Recently, employers, especially finance and software companies, have asked potential applicants to submit their CIBIL credit information report at the time of their interview.
With this in mind, a person should continue to check their report to ensure that the correct information is included in the report.
So what exactly is a credit score?
A credit score is a 3 digit number that shows you the numerical summary of your credit health. This score is obtained by the credit bureaus, by analyzing your credit history.
This is one of the determining factors for the approval of a loan or credit card application.
This score is affected by a series of factors such as payment and borrowing methods, number of credit card or loan applications, credit usage, etc.
The score typically ranges from 300 to 900 points and higher scores suggest more chances of getting your loans approved.
Scores above 700 are usually an indicator of good credit management. So, it goes without saying that the higher your number, the better you look to lenders and now employers.
Why getting a credit report is important
Getting a credit report is just as important as a credit score. It includes a person’s credit history with detailed information about their credit accounts and loans, bankruptcies and late payments, in addition to their personal information.
It is issued by approved credit information companies.
Credit scores are checked as part of the background check
Employers from different industries typically check credit scores or go through credit reports as part of the background check process before hiring potential candidates.
It has been observed over the years that many companies have started to focus on the financial health of an individual in order to assess several personal attributes such as reliability and honesty.
The logic is supposed to be that bad credit scores would imply that the person is bad at managing their finances, which is bound to have an impact on their performance at work.
3 ways credit scores are linked to employability
While there may be real reasons for a person’s bad credit or bad report, employers may perceive this as a sign of irresponsibility and inability to take care of things.
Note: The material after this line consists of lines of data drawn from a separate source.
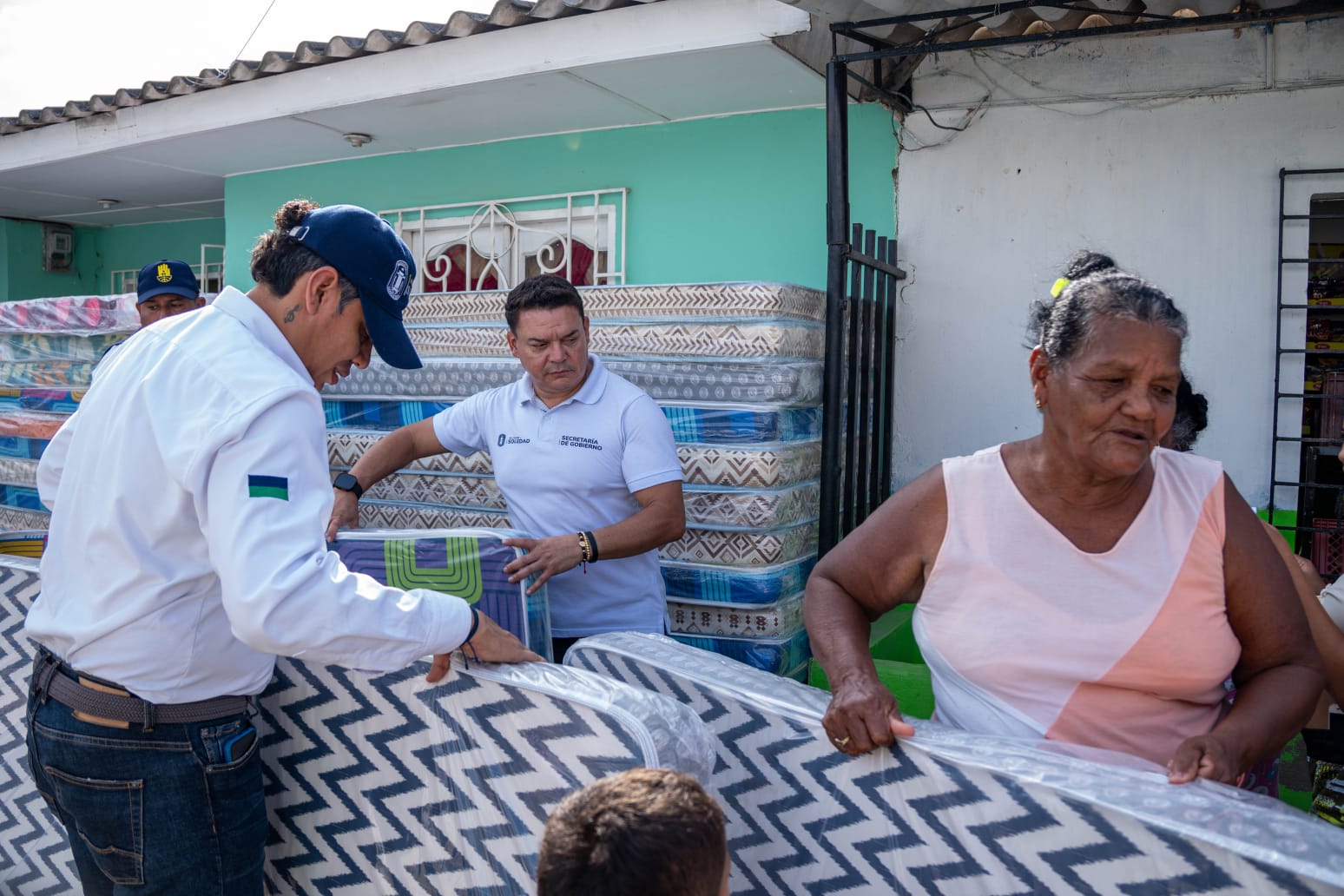 Alcaldía de Soledad continúa con la entrega de ayudas humanitarias ante ...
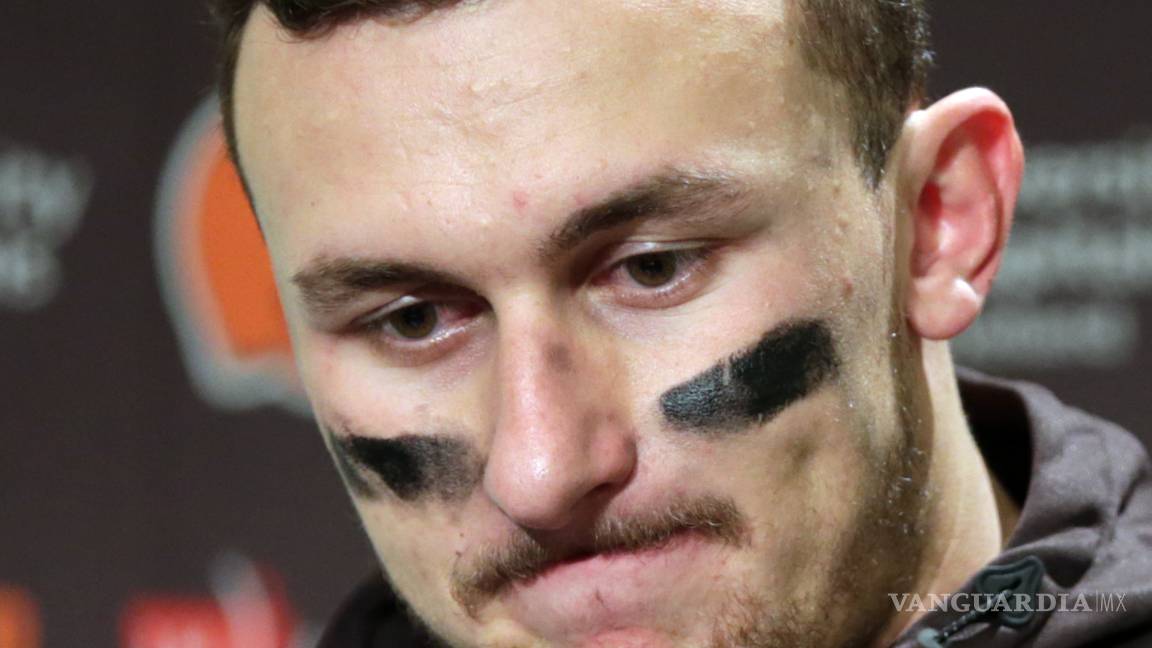 $!Los problemas que truncan el futuro de Johnny Manziel en la NFL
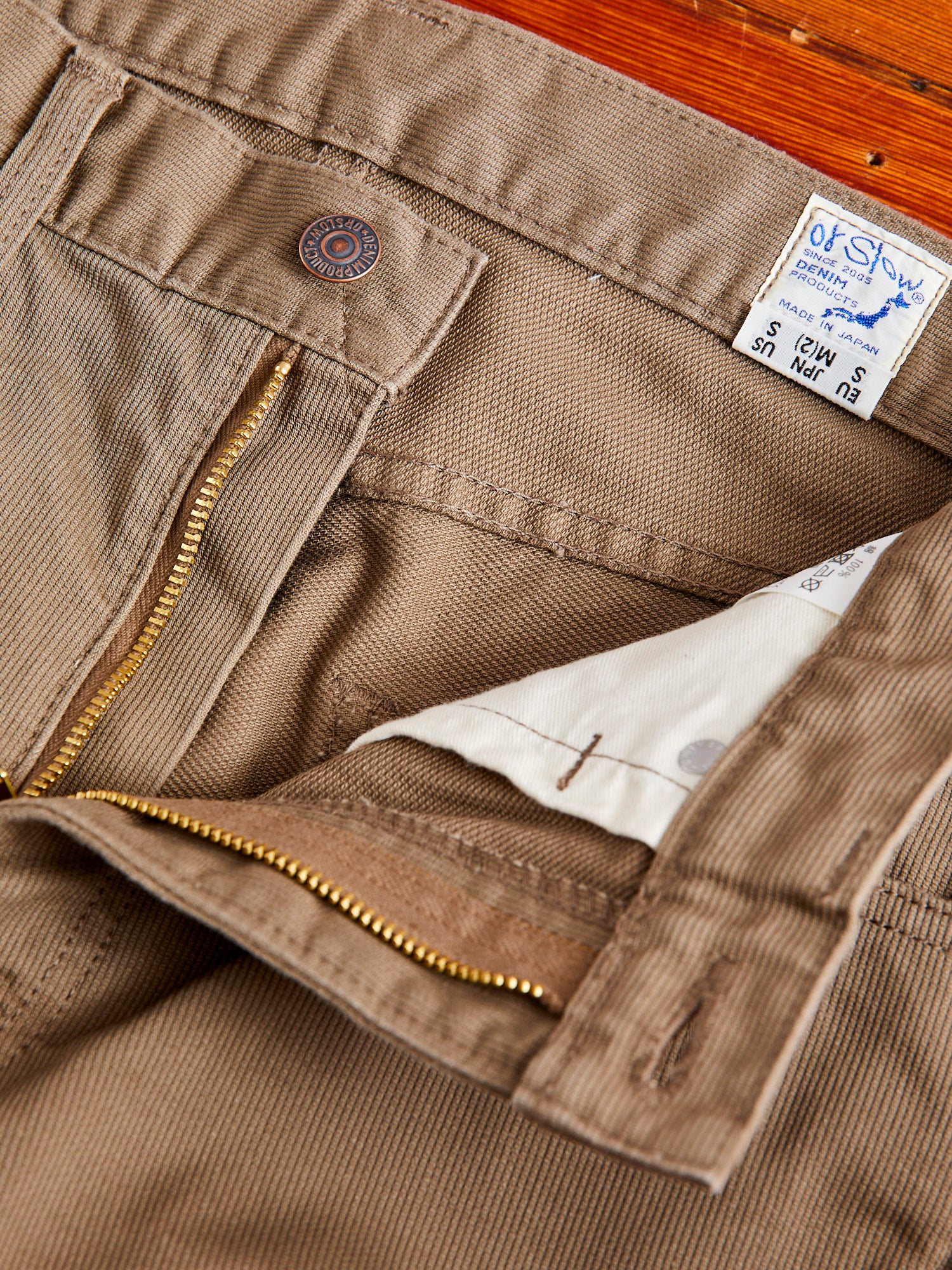 107 Ivy Fit Cotton Pique Pants in Dusty Olive - Image 6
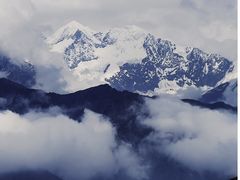 -贡嘎雪山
Just as businesses and employers are wary of criminal records, an extremely bad credit report can have the same effect.
Additionally, employers may perceive someone with a bad credit history as dishonest and a potential threat to the workplace. While this remains questionable in other circles, from an employers’ point of view, they would much prefer to minimize the risk.
Finally, a bad credit report is indicative of a debt trap that most often affects people’s performance at work. Although this is not always the case, many employers see it this way.
How to make sure your credit score doesn’t hurt your employability
The best way to do this is to make sure that your credit history doesn’t reveal any negative credit history. To do this, there are some things to remember that can help you maintain control over your credit history, such as repayment history information.
The repayment history information (RHI) consists of existing and missed consumer credit payments that are included on your credit report.
In some cases, your RHI can be used by credit providers to assess your ability to afford a new loan or credit card. In other cases, employers may refer to your RHI in your credit report to assess your credit history.
In addition to this, applicants should be careful of any possible errors in their credit report, false information passed on to CIBIL – which could negatively impact the report.
By regularly checking your credit report, you can make sure that your credit reports stay positive and that good career opportunities are not missed.